* _DATA SHOWN_
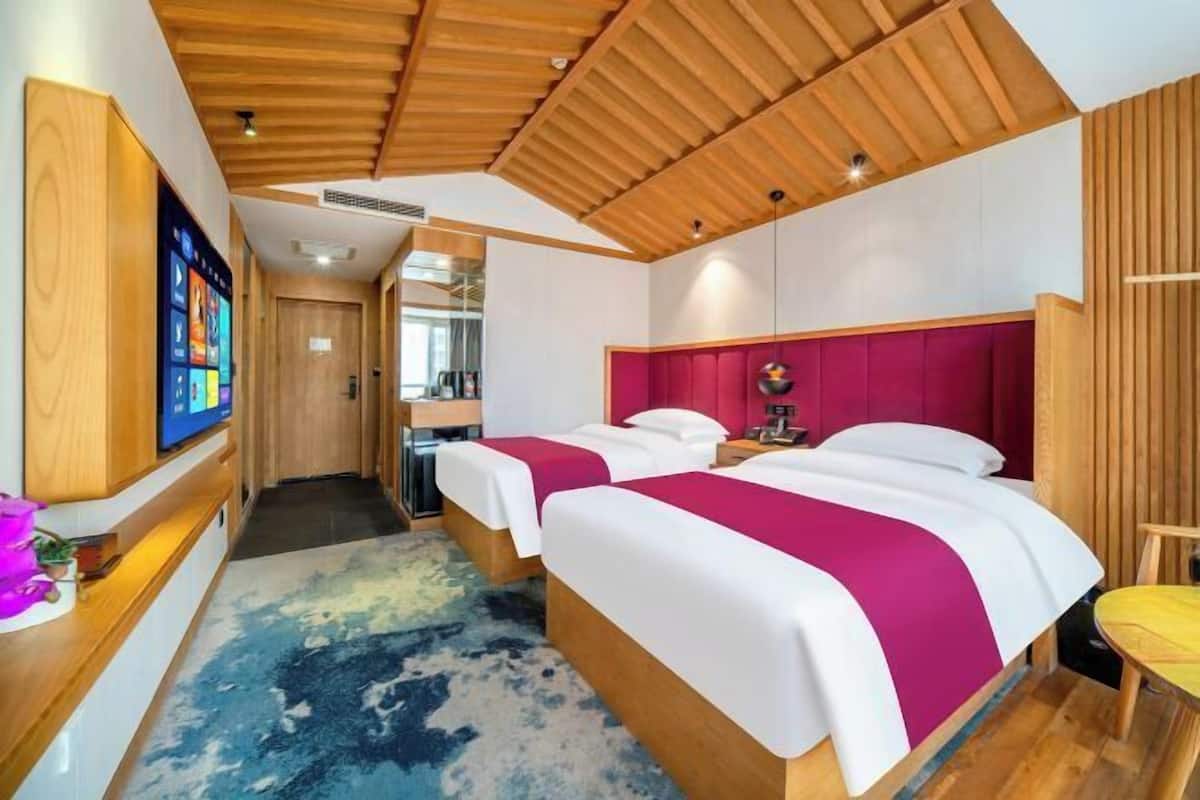 Blackout curtains, free WiFi, bed sheets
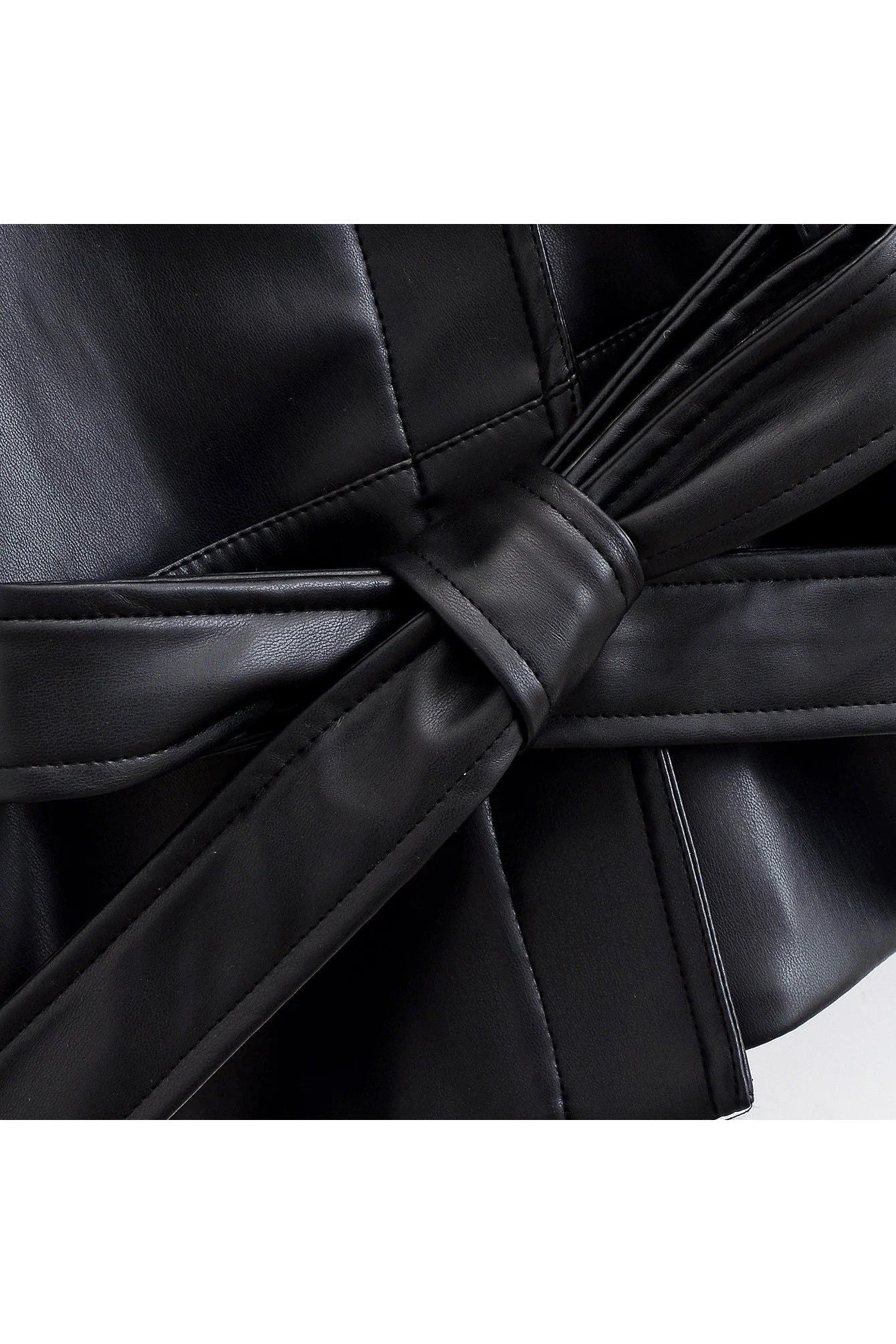 AMARA Vintage Damen Trenchcoat – Schwarze Kunstleder Jacke mit Gürtel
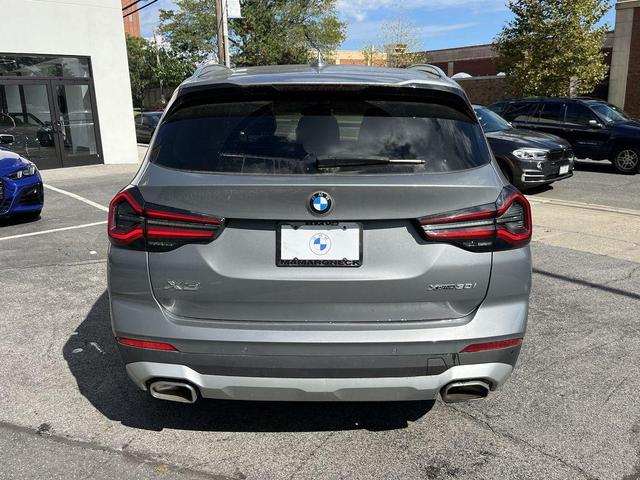 Photo of 2023 Skyscraper Gray Metallic BMW X3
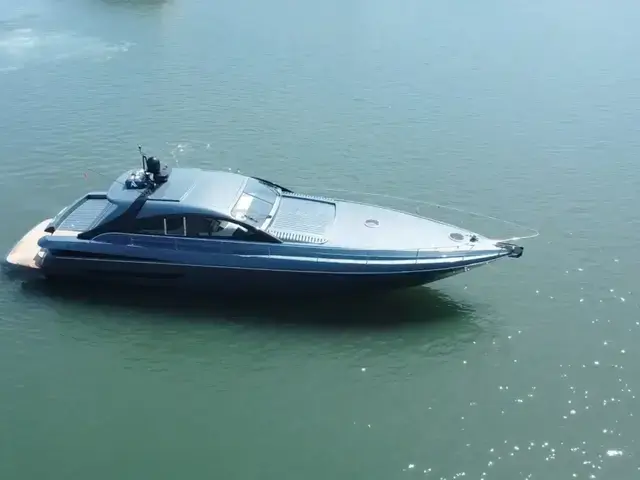 Pershing 65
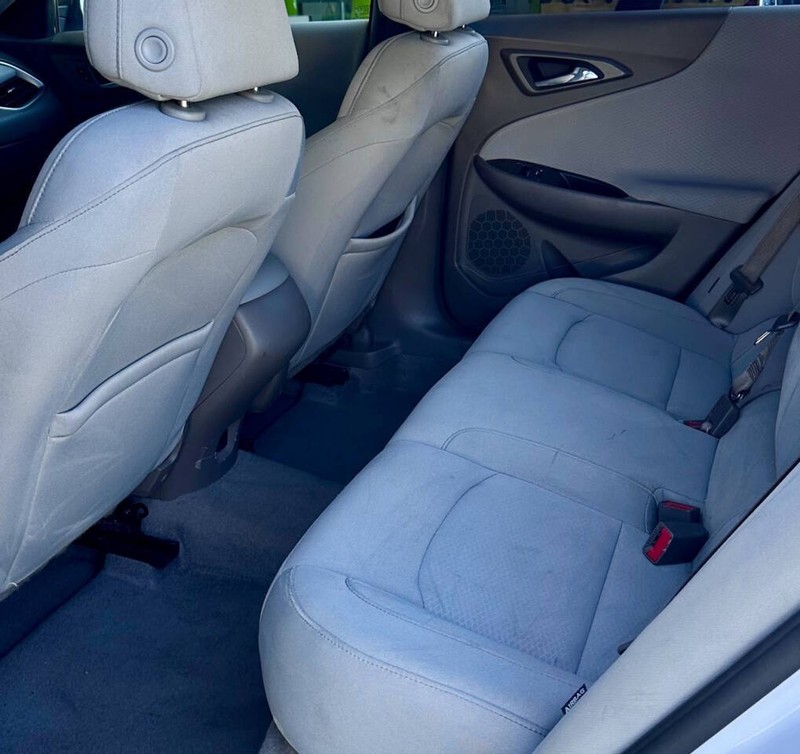 Chevrolet Malibu Vehicle Full-screen Gallery Image 14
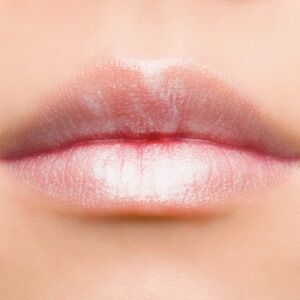 New‎ in Box Jeffree Star The Gloss Sky High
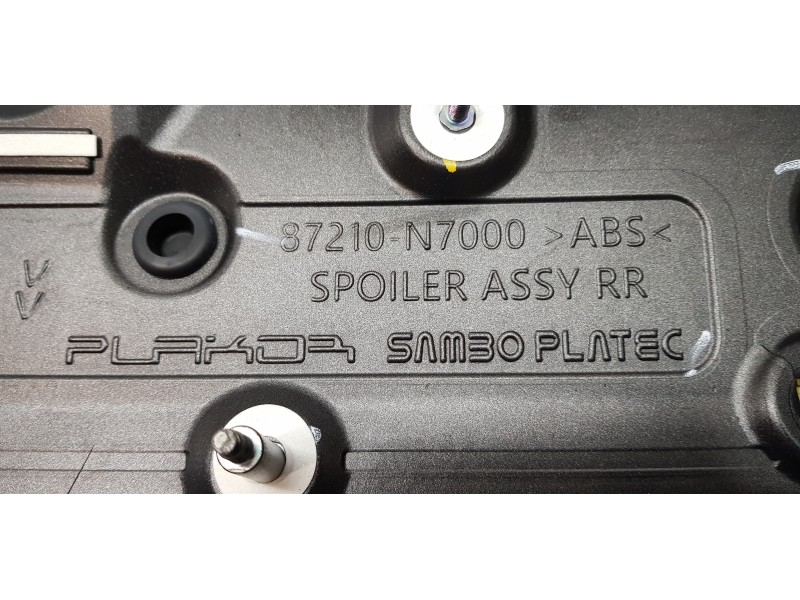 Recambio de aleron trasero para hyundai tucson tecno sky referencia OEM IAM 87211N7000  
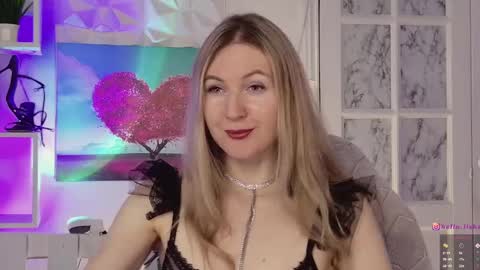 Alisia  Monday to Friday from 10 am to 4 pm GMT 2 online show from January 27, 8:18 am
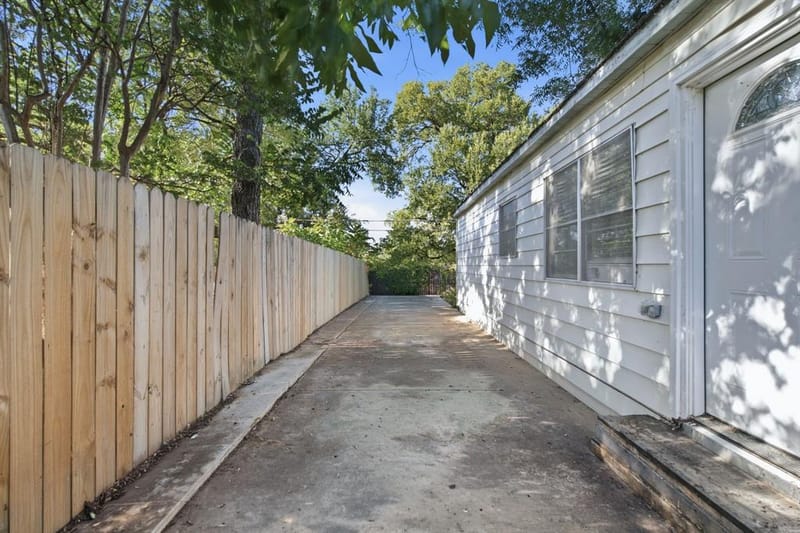 109 W 11th Street, Irving TX 75060 - Photo 23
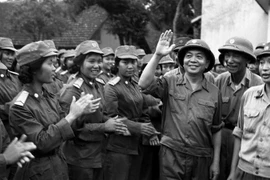 Ngày 5/5/1973, Đại tướng Võ Nguyên Giáp thăm các đơn vị thông tin và quân y tham gia duyệt binh ngày 1/5/1973. (Ảnh: Vũ Tạo/TTXVN)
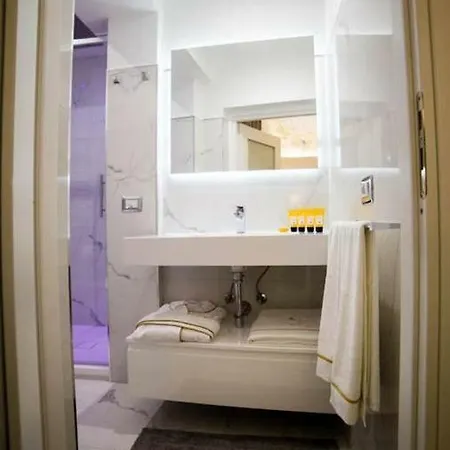 Navona Luxury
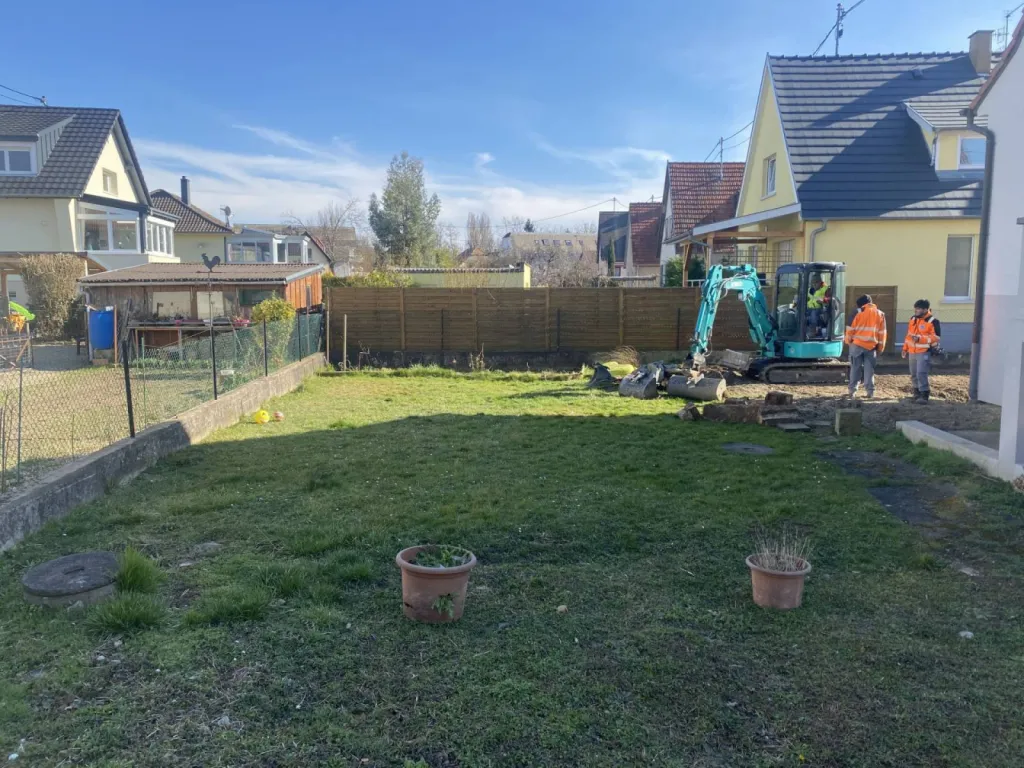 Terrassement pour une cour de maison à Lipsheim, près de Strasbourg CLK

* _TASK DIRECTIONS_
Output, exactly and only, the lines beginning with the one that contains "109 W 11th Street, Irving" and ending at the last line of the records above. Drop the pictures.

* _YOUR RESPONSE_
 109 W 11th Street, Irving TX 75060 - Photo 23
 Ngày 5/5/1973, Đại tướng Võ Nguyên Giáp thăm các đơn vị thông tin và quân y tham gia duyệt binh ngày 1/5/1973. (Ảnh: Vũ Tạo/TTXVN)
 Navona Luxury
 Terrassement pour une cour de maison à Lipsheim, près de Strasbourg CLK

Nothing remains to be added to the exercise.